EXCERPTED RECORDS:
---

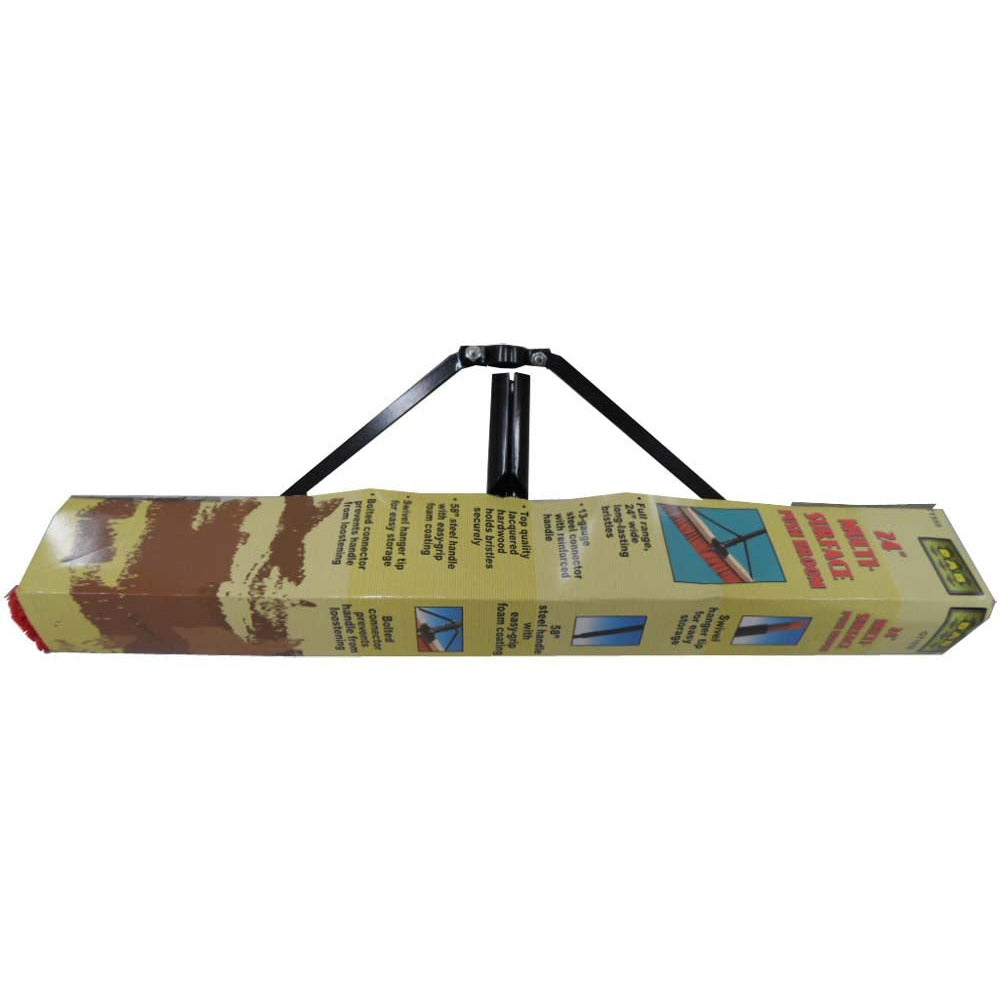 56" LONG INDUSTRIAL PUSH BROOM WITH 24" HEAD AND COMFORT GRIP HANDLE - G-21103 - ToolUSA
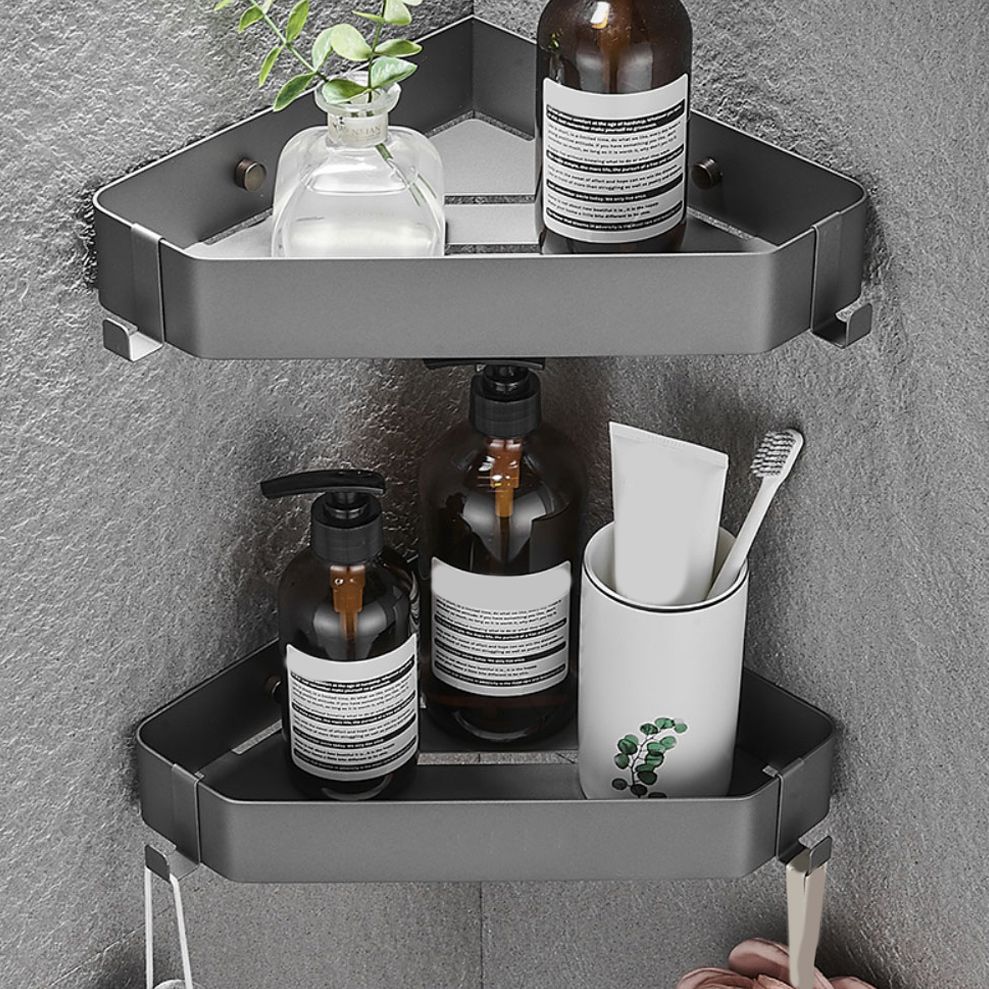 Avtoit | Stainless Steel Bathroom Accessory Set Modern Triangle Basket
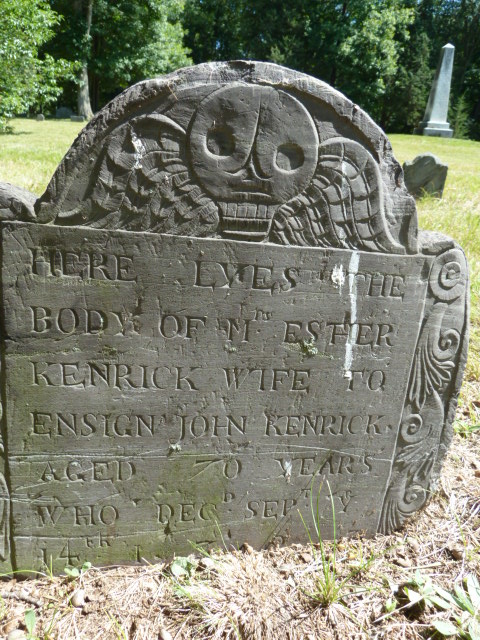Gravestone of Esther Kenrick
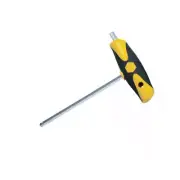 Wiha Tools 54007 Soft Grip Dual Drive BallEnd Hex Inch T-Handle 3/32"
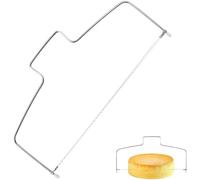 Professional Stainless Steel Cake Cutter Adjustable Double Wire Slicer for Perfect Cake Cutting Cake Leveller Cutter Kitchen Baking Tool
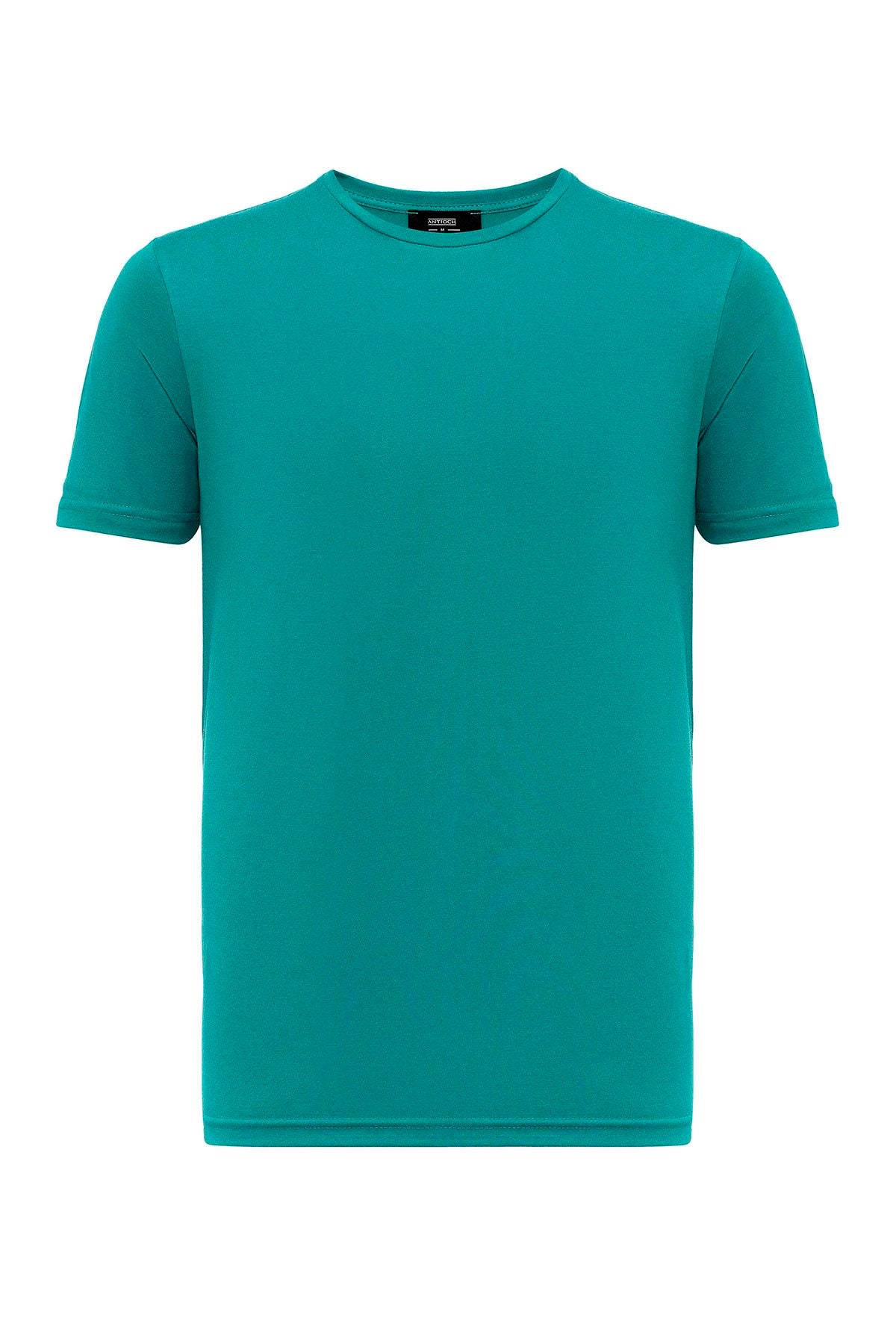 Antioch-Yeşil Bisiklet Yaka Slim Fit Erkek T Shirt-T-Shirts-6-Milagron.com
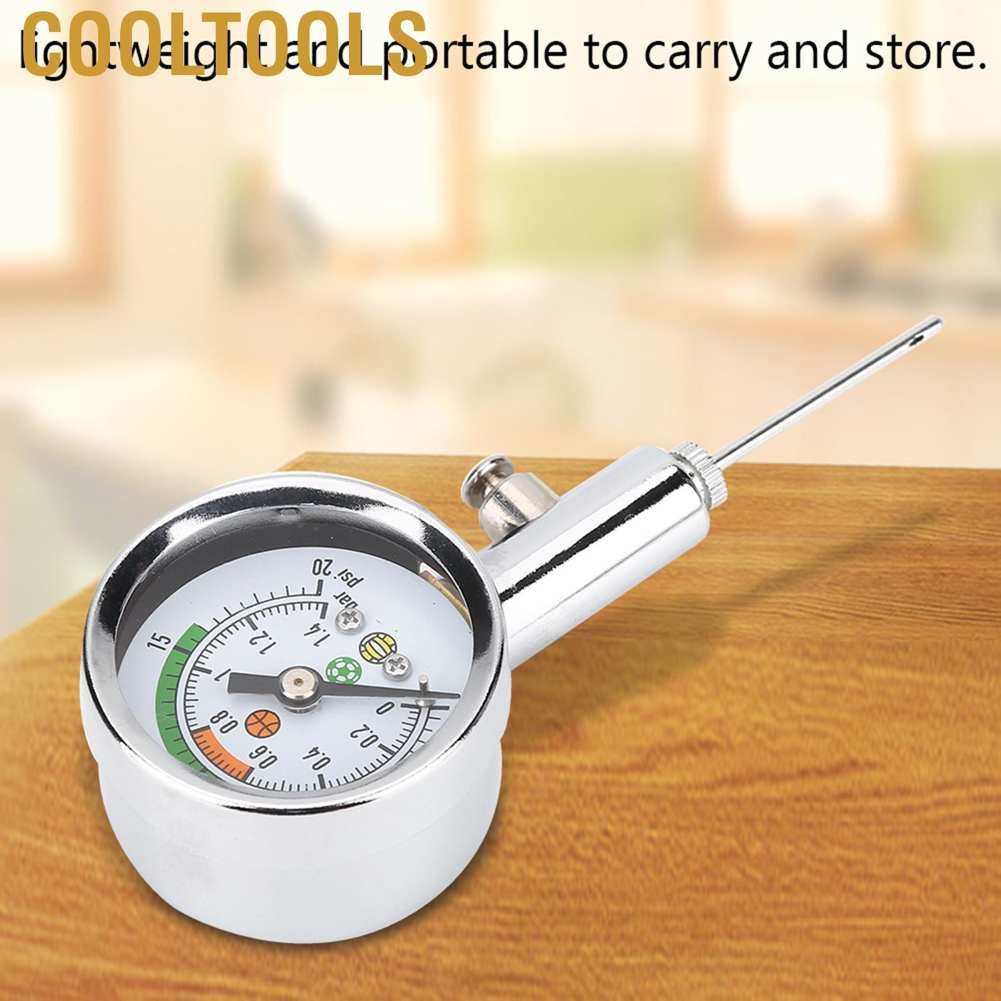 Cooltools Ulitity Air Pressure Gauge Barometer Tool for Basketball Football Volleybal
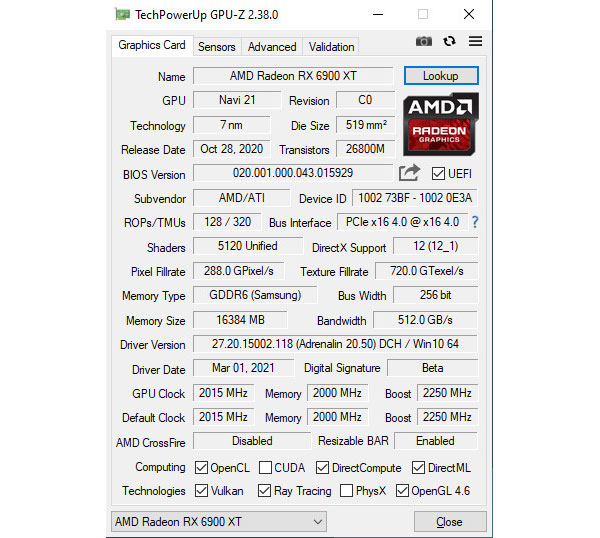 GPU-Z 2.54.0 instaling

---

Copy exactly, and only, the lines from the line containing "Professional Stainless Steel" through the final line of the material above, with no pictures.

SOLVED EXERCISE:
 Professional Stainless Steel Cake Cutter Adjustable Double Wire Slicer for Perfect Cake Cutting Cake Leveller Cutter Kitchen Baking Tool
 Antioch-Yeşil Bisiklet Yaka Slim Fit Erkek T Shirt-T-Shirts-6-Milagron.com
 Cooltools Ulitity Air Pressure Gauge Barometer Tool for Basketball Football Volleybal
 GPU-Z 2.54.0 instaling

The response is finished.